Se não topam alimária, uivam lugubremente, e embrenham-se nas gargantas da serra, iludindo a fome com raposas ou gatos bravos marasmados pelo frio. Foi ali que eu me familiarizei com as bestas-feras; ainda assim, topei-as depois, cá em baixo, nos matagais das cidades, tais e tantas que me eriçaram os cabelos
Na vertente da montanha que dominava a Samardã, havia um fojo – uma cerca de muro tosco de calhaus a esmo onde se expunha à voracidade do lobo uma ovelha tinhosa. O lobo, engodado pelos balidos da ovelha, vinha de longe, derreado, rente com os fraguedos, de orelha fita e o focinho a farejar. Assim que dava tento da presa, arrojava-se de um pincho para o cerrado. A rês expedia os derradeiros berros fugindo e furtando as voltas ao lobo que, ao terceiro pulo, lhe cravava os dentes no pescoço, e atirava com ela escabujando sobre o espinhaço; porém, transpor de salto o muro era-lhe impossível, porque a altura interior fazia o dobro da externa. A fera provavelmente compreendia então que fora lograda; mas em vez de largar a presa, e aliviar-se a carga, para tentar mais escoteira o salto, a estúpida sentava-se sobre a ovelha e, depois de a esfolar, comia-a.

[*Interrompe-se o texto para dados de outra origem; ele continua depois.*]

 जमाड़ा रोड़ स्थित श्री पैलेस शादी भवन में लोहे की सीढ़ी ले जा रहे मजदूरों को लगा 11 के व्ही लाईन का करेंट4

Presenciei duas vezes esta carnagem em que eu – animal racional – levava vantagem ao lobo tão-somente em comer a ovelha assada no forno com arroz.
De uma dessas vezes, pus sobre uns sargaços a Arte do padre António Pereira, da qual eu andava decorando todo o latim que esqueci; marinhei com a minha clavina pela parede por onde saltara a fera, e, posto às cavaleiras do muro, gastei a pólvora e chumbo que levava granizando o lobo, que raivava dentro do fojo atirando-se contra os ângulos aspérrimos do muro.
Desci para deixar morrer o lobo sossegadamente e livre da minha presença odiosa. Antes de me retirar, espreitei-o por entre a juntura de duas pedras. Andava ele passeando na circunferência do fojo com uns ares burgueses e sadios de um sujeito que faz o quilo de meia ovelha. Depois, sentou-se à beira da restante metade da rês; e, quando eu cuidava que ele ia morrer ao pé da vítima, acabou de a comer. É forçoso que eu não tenha algum amor-próprio para confessar que lhe não meti um só graeiro de cinco tiros que lhe desfechei.
As minhas balas de chumbo naquele tempo eram inofensivas como as balas de papel com que hoje assanho os colmilhos de outras bestas-feras. Este conto veio a propósito da Samardã, que distava um quarto de légua da aldeia onde passei os primeiros e únicos felizes anos da minha mocidade.”
Camilo Castelo Branco, em “O Degredado”
Camilo Castelo Branco, em “O Degredado”
2 comentários:
Muito interessante.
Valeria a pena restaura-lo com as carcteristicas originais ?
Pelo menos há que cuidar para manter o que ainda existe.
Olá Carlos
Claro que valeria a pena. Este Fojo a que me refiro localiza-se a poucos kms de Justes está quase completo, só que tiveram a brilhante ideia de colocar umas placas em homenagem a Camilo Castelo Branco lá no meio.
É só haver vontade politica de corrigir as asneiras, mas nada está perdido.